INTELBRIEF

July 27, 2015

TSG IntelBrief: Measuring the Threat: The Islamic State vs. Al-Qaeda

• The head of the FBI recently declared the Islamic State a greater domestic threat than al-Qaeda, given how widely the former has disseminated its call for violence

• The two groups share the ideology of bin Ladinism but differ greatly in attack planning against the West; al-Qaeda plots while the Islamic State agitates and motivates

• Comparatively, the Islamic State has lower standards for both external attacks and attackers

• While the power of al-Qaeda has shifted more to its affiliates, the group remains focused on pulling off a true ‘spectacular’ attack against Western targets, meaning the odds of an attack are lesser but the damage would be far greater.

 

Referring more to the Islamic State’s ubiquitous messaging than to its meticulous planning, FBI Director James Comey recently declared the group a greater threat to the United States than the perennial threat posed by al-Qaeda. This is a dramatic reordering of the threat matrix that has, since 2001, listed al-Qaeda as the most serious terrorist threat to the homeland. In part, this is a positive development—an acknowledgement that al-Qaeda Central has been diminished and disrupted in Pakistan and Afghanistan—and now even in Syria—with the targeting of the al-Qaeda external operation plotters labeled the ‘Khorasan Group’. It is also, however, an acknowledgement that, in terms of external attacks, the Islamic State is succeeding where al-Qaeda has failed, by favoring quantity of attacks over quality.
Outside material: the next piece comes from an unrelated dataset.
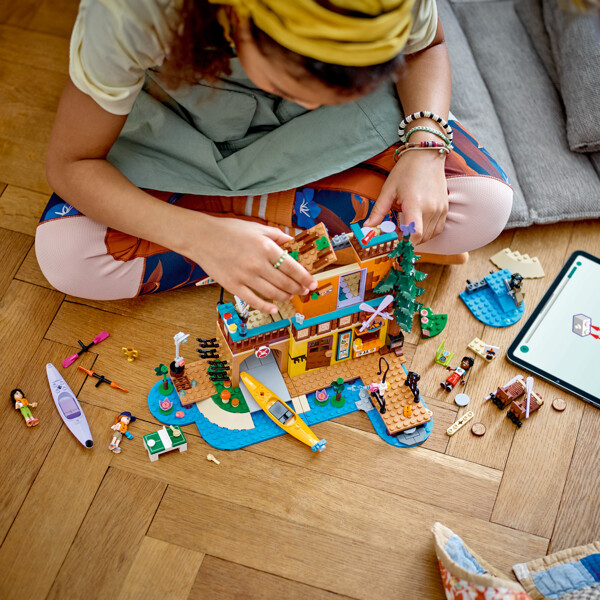42626 LEGO Friends Seikkailuleiri Vesilajit (Kuva 4 tuotteesta 6)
In terms of extremist messaging, the Islamic State has dominated the Internet. It accomplished this by crowdsourcing its message and convincing people and governments that it can operate far beyond its actual territorial borders. Through countless taunts and tweets, the Islamic State has merged ‘intent’ with ‘capability’; random tweets about Islamic State fighters taking over the streets of Paris are taken as a relatively serious threat. That Islamic State fighters will never take over the streets of a major international metropolis matters less than that its supporters threatened it. The troubling part is not that it will actually come to pass, but that random supporters across the world will take it upon themselves to try.
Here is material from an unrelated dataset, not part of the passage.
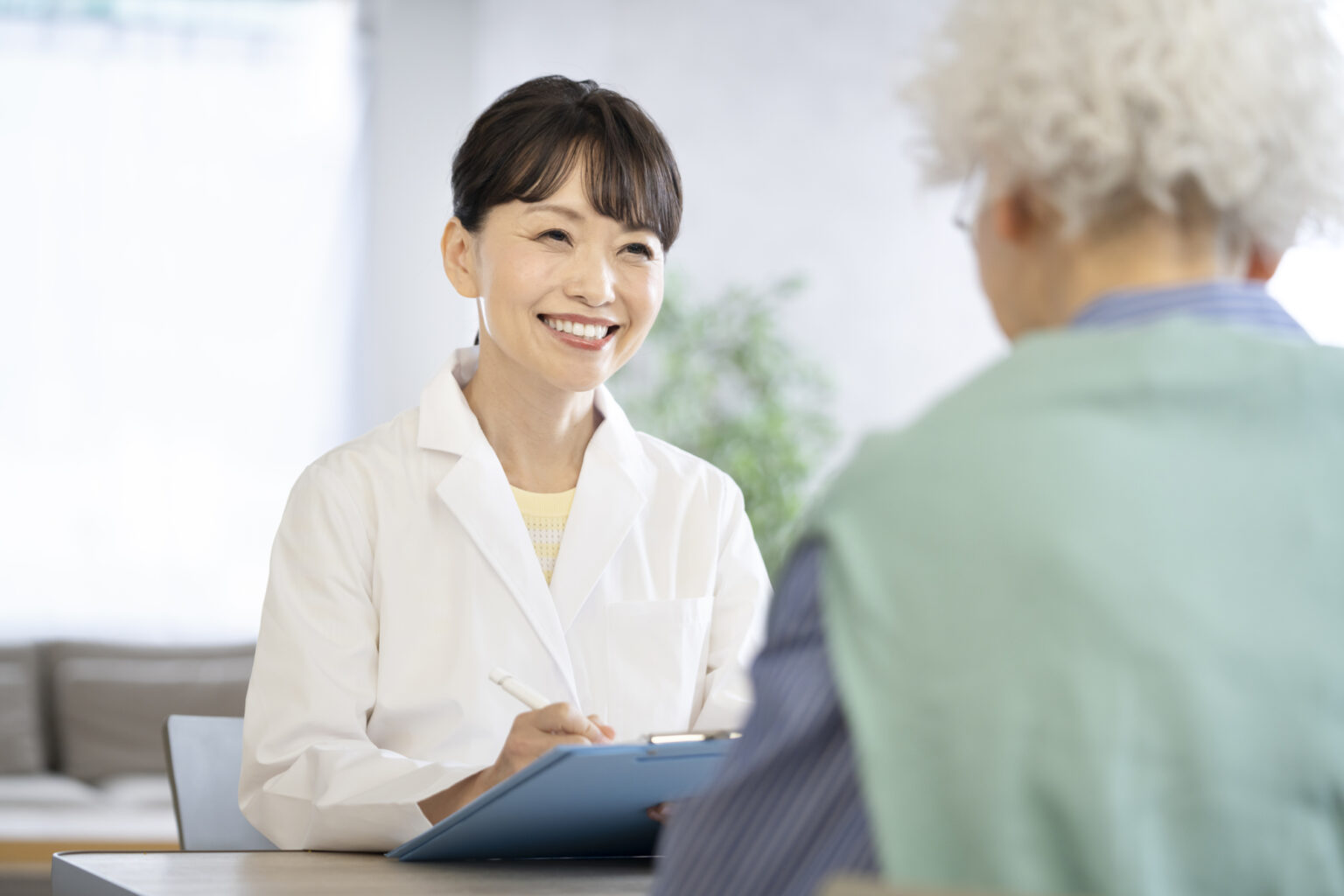 臨床心理士になるにはどうすれば良い?仕事内容やキャリアプラン 逆引き大学辞典 臨床心理士になるにはどうすれば良い?仕事内容やキャリアプラン 逆引き大学辞典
With its constant calls to attack anyone anywhere in any fashion, the Islamic State does indeed represent a higher probability and higher frequency threat to the United States and other Western countries. This is in stark contrast to al-Qaeda, which, when it comes to external attacks on the West, remains committed to pulling off another ‘spectacular’ attack like 9/11. The FBI director is correct when he says the Islamic State is the greater threat because of its widespread appeal. Officials are also correct to note that al-Qaeda remains the greater threat in terms of terrorist attacks that critically damage a society more so than frighten it.
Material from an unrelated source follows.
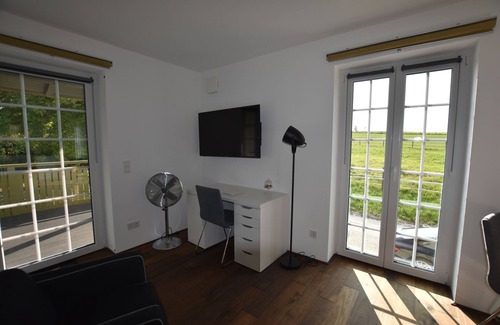 Rimsting Apartment | 5-star - Apartment with balcony in Landhausvilla am Chiemsee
This concern can be seen in the effort spent by the U.S. to strike al-Qaeda members in Syria thought to be plotting significant external attacks against Western targets. In the midst of the high-profile war against the Islamic State, the U.S. has dedicated significant resources to targeting and disrupting the skilled al-Qaeda operatives who traveled from Pakistan and Afghanistan to embed with Jabhat al-Nusra, al-Qaeda’s affiliate in Syria. The concern has been that while Islamic State supporters can shoot up a shopping center or a beach, al-Qaeda's operatives can bring down a plane or a building. The Islamic State rightfully understands that it can negate traditional security measures, and withstand any failures, as long as attacks or the threat of attacks remains constant. Al-Qaeda, on the other hand, cares less about perceived disruption than it does tangible destruction when it comes to external attacks. It prefers one attack or a plot that fundamentally alters global aviation security measures (such as the limiting of liquids in carry-on luggage) to ten smaller attacks that dominate a news cycle. As Jabhat al-Nusra leader Abu Mohammad al-Julani noted, al-Qaeda is holding off on attacking the West, but still desires to and plans to that effect.

The worrisome issue, for both governments and security agencies, is that both groups are successful in their approaches, and committed to their various strategies. The Islamic State is indeed the more likely threat, given that it exhorts anyone to commit acts of violence in its name—be it successfully or unsuccessfully. Al-Qaeda Central, the core group of skilled and inventive plotters, is the more lethal threat even if it is the less likely one, given how current security strategies have been developed to counter its style of attack. With the rise of its affiliates from Yemen to Syria, al-Qaeda is biding its time, and trying to consolidate rather than instigate. Yet the threat from both groups, different as they are in their current approaches —patience versus exuberance—is constant. Both groups seek death and destruction, just on a different scale and in a different style.